▸ AIM OF THE EXERCISE
What is needed is an exact copy of every entry, without the pictures.

▸ SOURCE DATA

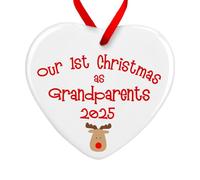 Our First Christmas as Grandparents Reindeer Heart Plaque Gift | Baby 1st Xmas Tree Decoration Bauble | Handmade Grandparent Ornament Gift (Ceramic - Red Ribbon)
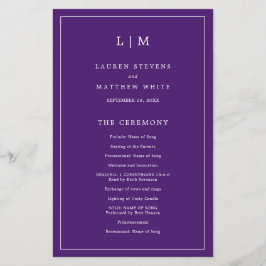 Flyer Programa de Casamento Elegante com Monograma Roxo 
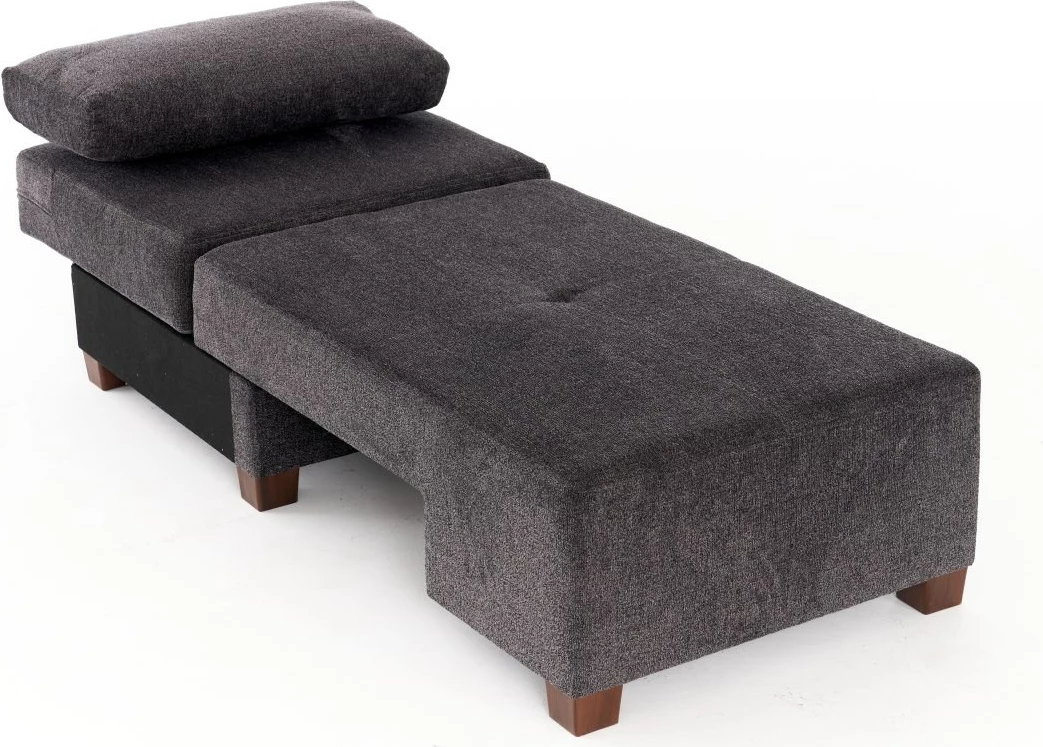 Krevat-sofá treshe, Atelier del Sofa, pëlhurë Perenna Chenille, antracit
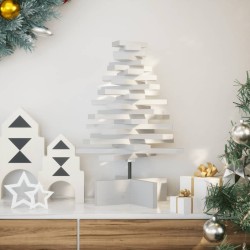 Arbre de Noël en bois pour décoration blanc 60 cm pin massif 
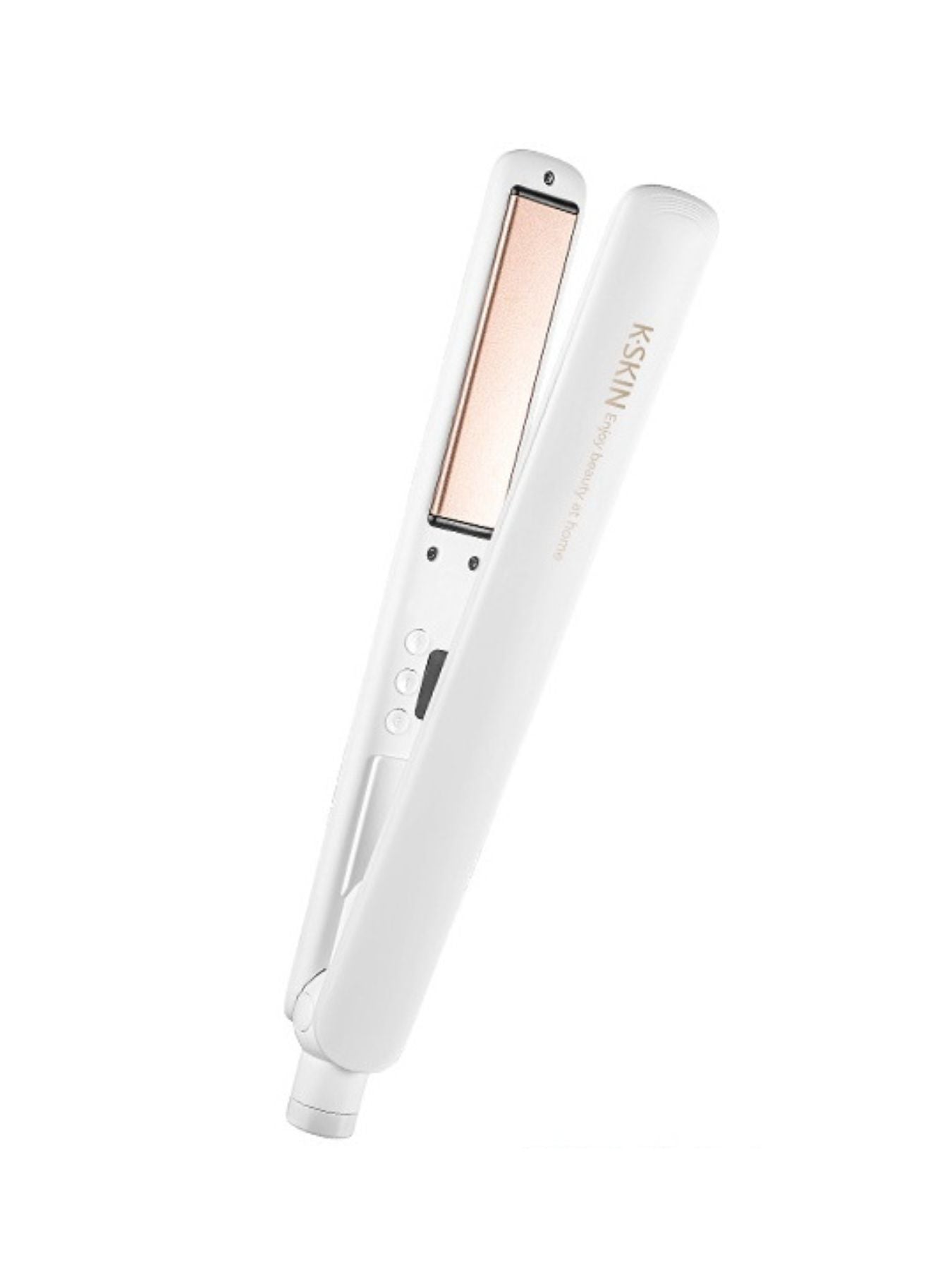 White Trendsi fast heating hair straightener with North American plug, showing sleek plates and ergonomic handle.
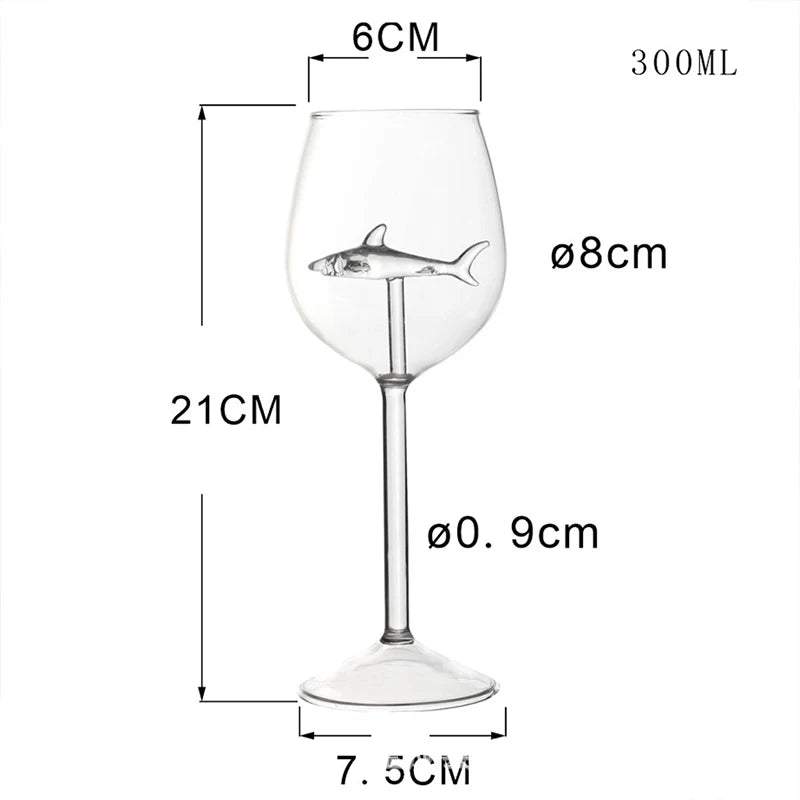Whimsical Shark Wine Glasses: 300ml Unique Transparent Cocktail Goblets for Parties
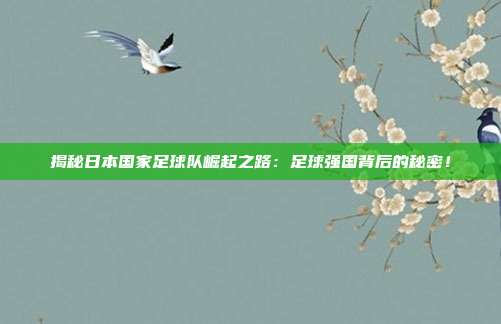 揭秘日本国家足球队崛起之路:足球强国背后的秘密!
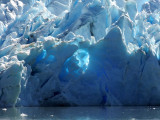 The blue color is the result of all colors except blue, being absorbed by the ice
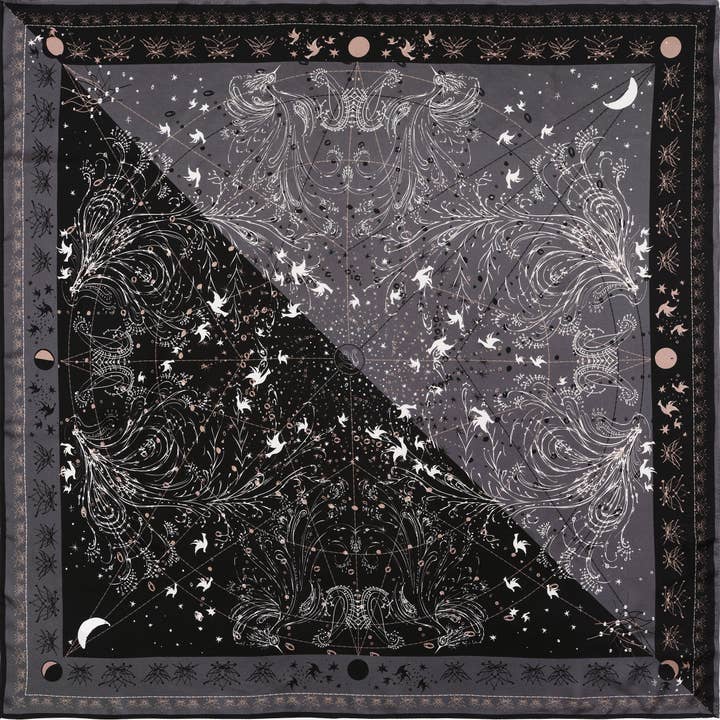 zijde carré 90 - zenith zwart voor wholesale door Petrusse Paris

▸ EXPECTED ANSWER
 Our First Christmas as Grandparents Reindeer Heart Plaque Gift | Baby 1st Xmas Tree Decoration Bauble | Handmade Grandparent Ornament Gift (Ceramic - Red Ribbon)
 Flyer Programa de Casamento Elegante com Monograma Roxo 
 Krevat-sofá treshe, Atelier del Sofa, pëlhurë Perenna Chenille, antracit
 Arbre de Noël en bois pour décoration blanc 60 cm pin massif 
 White Trendsi fast heating hair straightener with North American plug, showing sleek plates and ergonomic handle.
Whimsical Shark Wine Glasses: 300ml Unique Transparent Cocktail Goblets for Parties
 揭秘日本国家足球队崛起之路:足球强国背后的秘密!
 The blue color is the result of all colors except blue, being absorbed by the ice
 zijde carré 90 - zenith zwart voor wholesale door Petrusse Paris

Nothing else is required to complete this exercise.